Ramos said many of the missing were fishermen who set sail ahead of the storm despite warnings to remain on land.
“We are just praying that we will find them still alive, but realistically speaking, the number of deaths may still rise,” he said.
The Philippines endures an average of 20 storms annually, many of them deadly, but Nesat was one of the worst for the year largely due to an enormous rain band that pummelled virtually all of the main island of Luzon.
Nesat was approaching southern China on Thursday, forcing Hong Kong authorities to order a lockdown in the Chinese territory with the closure of financial markets, schools and transport services.
Manila was similarly brought to a standstill on Tuesday as rain flooded large parts of the Philippine capital and storm surges smashed sea walls protecting the city’s historic bayside area.
Residents in slums along Manila Bay continued to pick through rubble in a struggle to rebuild on Thursday, and officials said it would take many days to clear fallen trees, billboards and other debris across the city.

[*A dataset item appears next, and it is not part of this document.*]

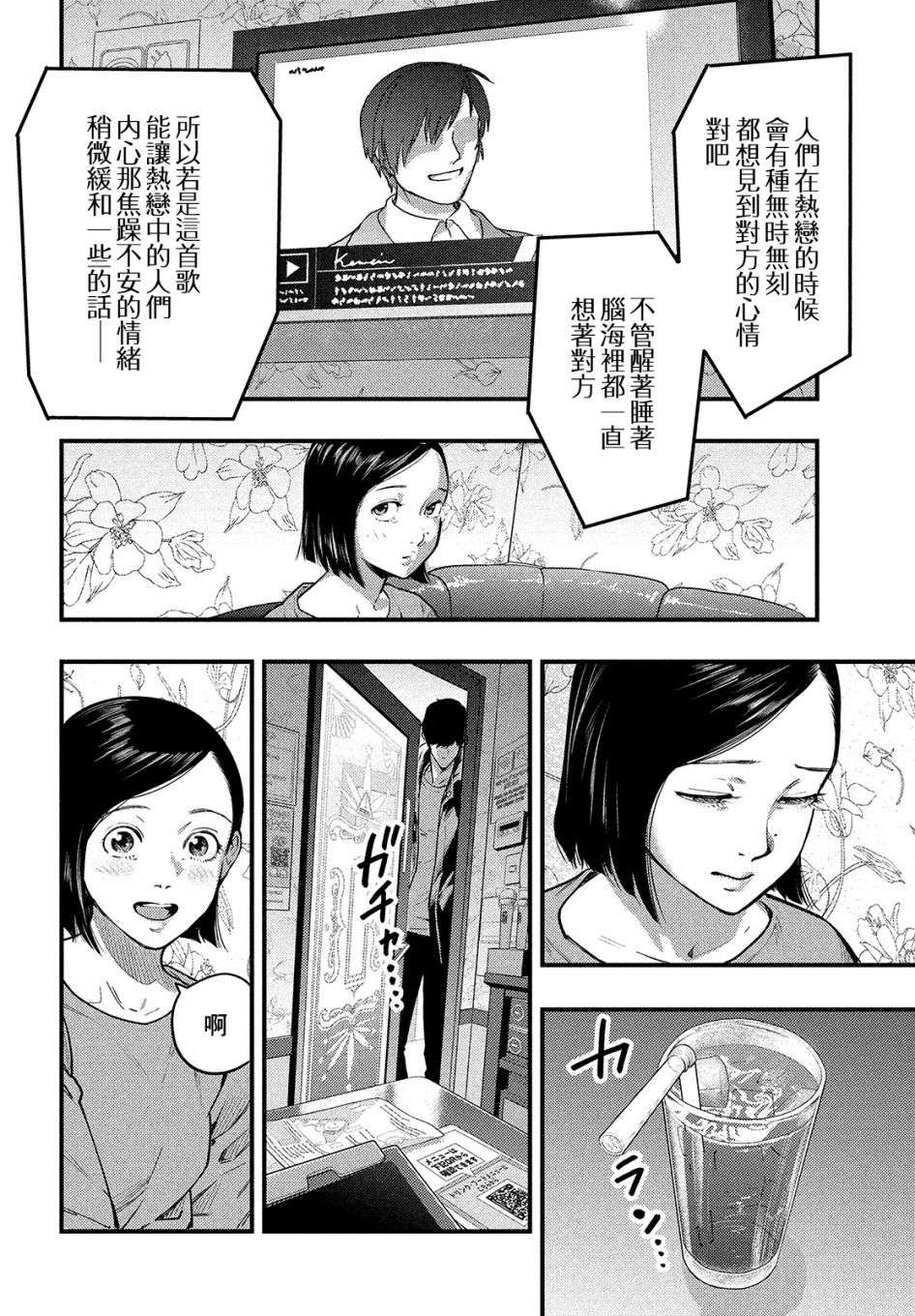 各得其所第03话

In Luzon’s vast agricultural plains that stretch hundreds of kilometres (miles) to the north of Manila, farmers struggled to deal with the destruction of rice that was primed for harvest.
Television news broadcasts showed aerial footage of high water covering large areas of the northern provinces of Bulacan, Nueva Ecija and Pampanga, where many of the country’s large rice producing plains are located.
Many of those areas remained without power or cut off because highways and farms had been turned into virtual rivers.
Some people remained stranded in their homes, and rescue workers on boats went to retrieve them, although others preferred to stay to guard their properties.
“The flood waters are going down, but very, very slowly, because much of these areas are flat, agricultural land,” Ramos said.
Nearly 170,000 people were inside evacuation centres across Luzon, according to the government’s disaster relief agency.
Amid the clean-up operations, the government warned another typhoon would likely hit the country within days.
Science Undersecretary Graciano Yumul, who supervises the state weather bureau, said a new storm was 1,300 kilometres (800 miles) away in the Pacific Ocean and building towards typhoon strength as it approached the Philippines.
“By Sunday we will be experiencing (more) rains and bad weather,” Yumul told reporters.